== PROBLEM DETAILS ==
From the listing below, please restate exactly the lines beginning at the one with "Load image into" and ending at the one with "Robe camisole unie dos nu pour femme", both included, and skip the pictures.

== DATA PROVIDED ==

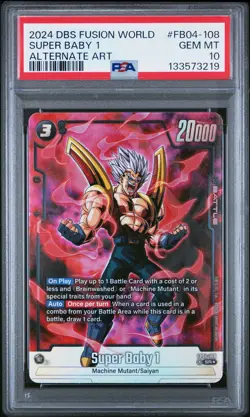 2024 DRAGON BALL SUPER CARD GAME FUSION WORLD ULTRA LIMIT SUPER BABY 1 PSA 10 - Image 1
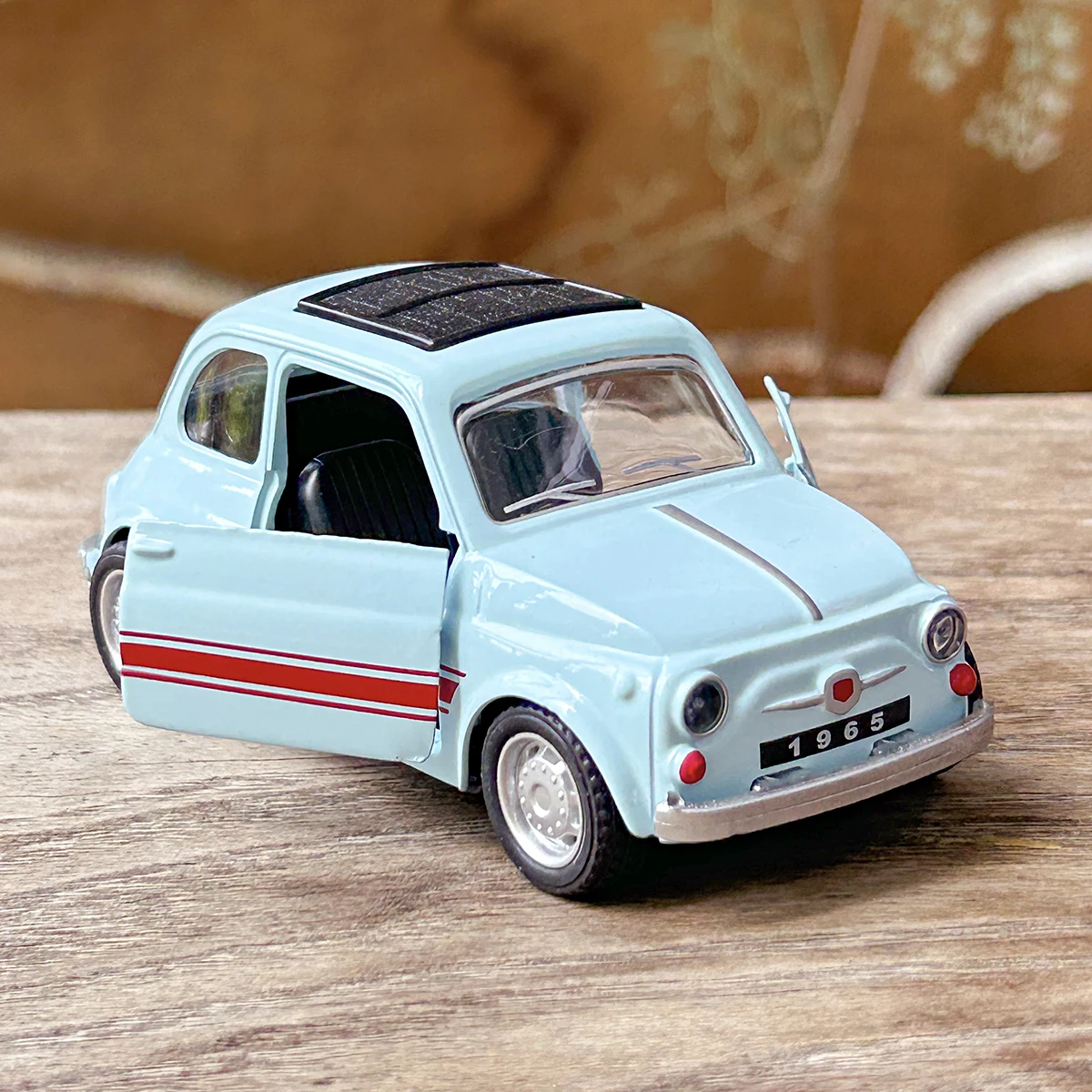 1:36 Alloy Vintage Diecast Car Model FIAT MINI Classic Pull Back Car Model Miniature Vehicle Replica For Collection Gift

==

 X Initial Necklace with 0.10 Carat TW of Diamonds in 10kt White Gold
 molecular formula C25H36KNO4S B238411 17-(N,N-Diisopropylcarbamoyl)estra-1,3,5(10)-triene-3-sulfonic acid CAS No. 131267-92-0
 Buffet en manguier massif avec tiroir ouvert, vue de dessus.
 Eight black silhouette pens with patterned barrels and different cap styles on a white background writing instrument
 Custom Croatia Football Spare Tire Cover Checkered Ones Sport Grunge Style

--

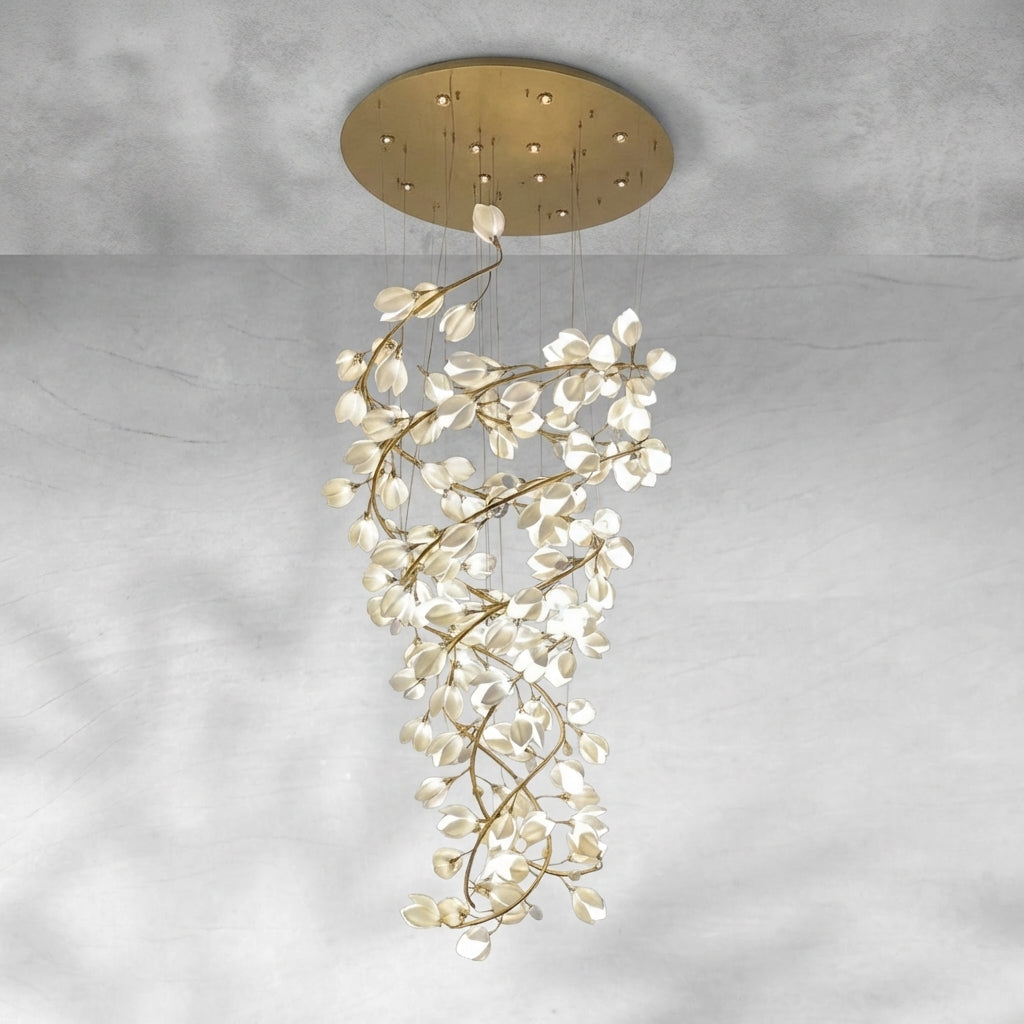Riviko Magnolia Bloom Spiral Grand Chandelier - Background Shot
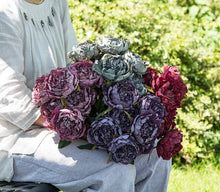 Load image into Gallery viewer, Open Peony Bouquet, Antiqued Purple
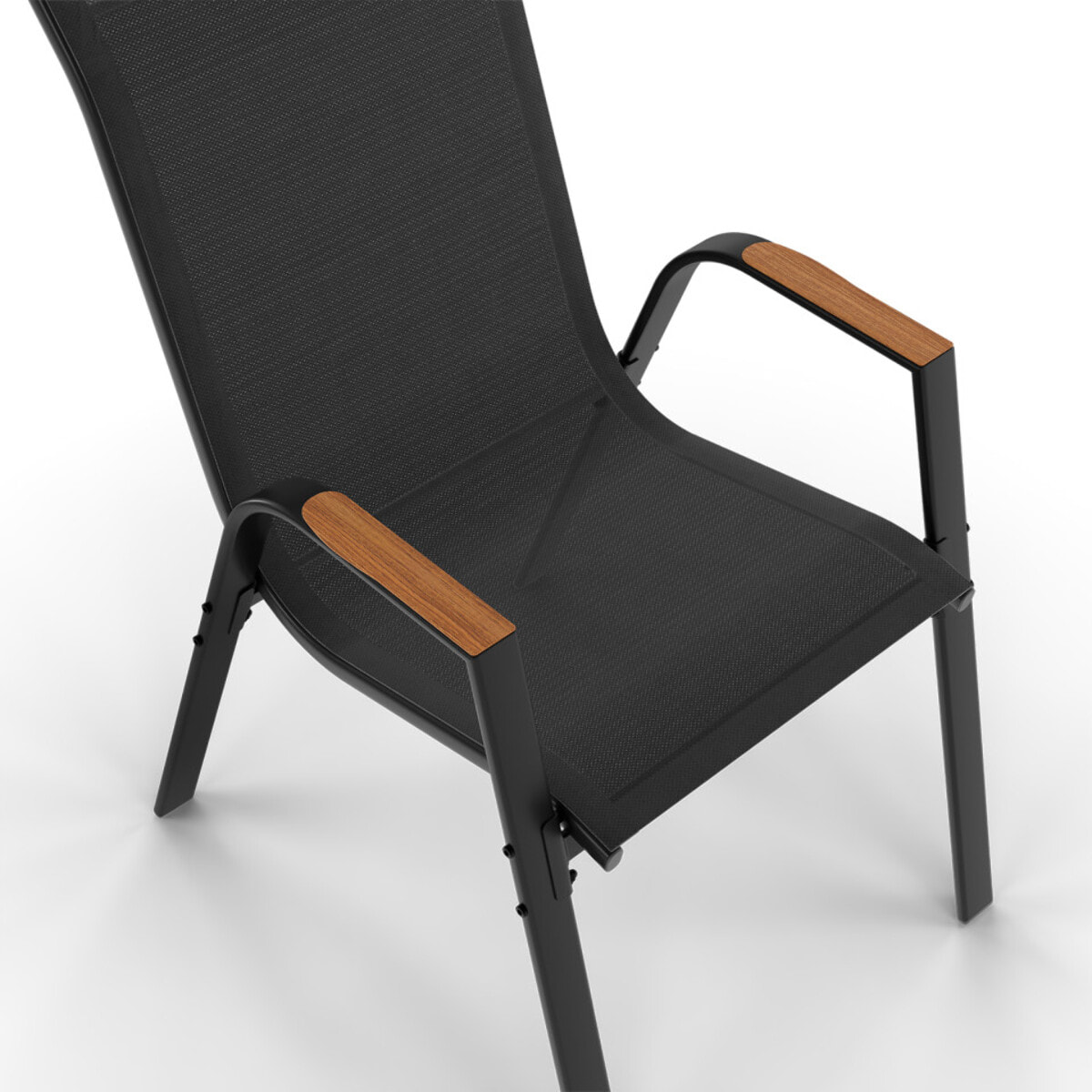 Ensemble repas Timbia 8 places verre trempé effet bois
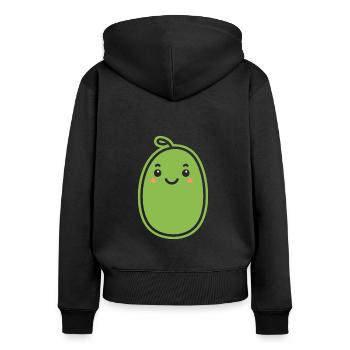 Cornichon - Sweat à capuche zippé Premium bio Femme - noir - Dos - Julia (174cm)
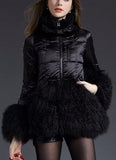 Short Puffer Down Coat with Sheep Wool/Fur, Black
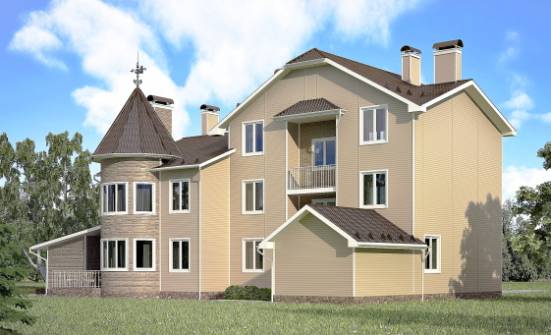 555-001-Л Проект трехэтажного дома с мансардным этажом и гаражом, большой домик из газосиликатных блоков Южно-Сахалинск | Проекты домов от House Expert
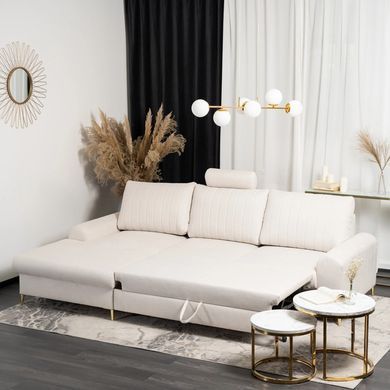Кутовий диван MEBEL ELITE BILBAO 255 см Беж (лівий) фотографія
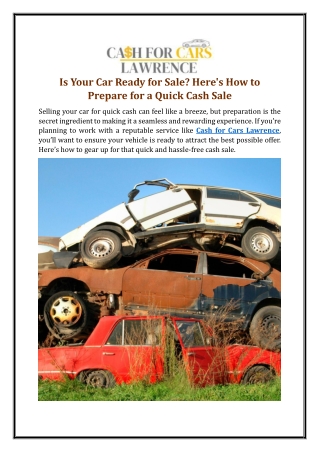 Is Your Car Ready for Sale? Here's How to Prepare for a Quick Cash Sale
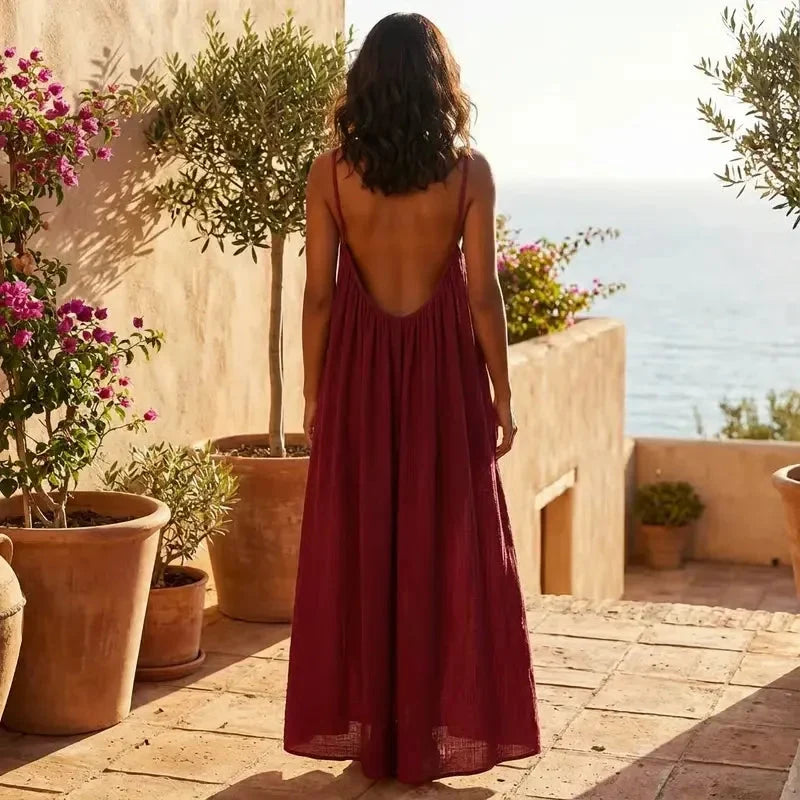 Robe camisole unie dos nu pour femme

== WRITTEN ANSWER ==
 Load image into Gallery viewer, Open Peony Bouquet, Antiqued Purple
 Ensemble repas Timbia 8 places verre trempé effet bois
 Cornichon - Sweat à capuche zippé Premium bio Femme - noir - Dos - Julia (174cm)
 Short Puffer Down Coat with Sheep Wool/Fur, Black
 555-001-Л Проект трехэтажного дома с мансардным этажом и гаражом, большой домик из газосиликатных блоков Южно-Сахалинск | Проекты домов от House Expert
Кутовий диван MEBEL ELITE BILBAO 255 см Беж (лівий) фотографія
 Is Your Car Ready for Sale? Here's How to Prepare for a Quick Cash Sale
 Robe camisole unie dos nu pour femme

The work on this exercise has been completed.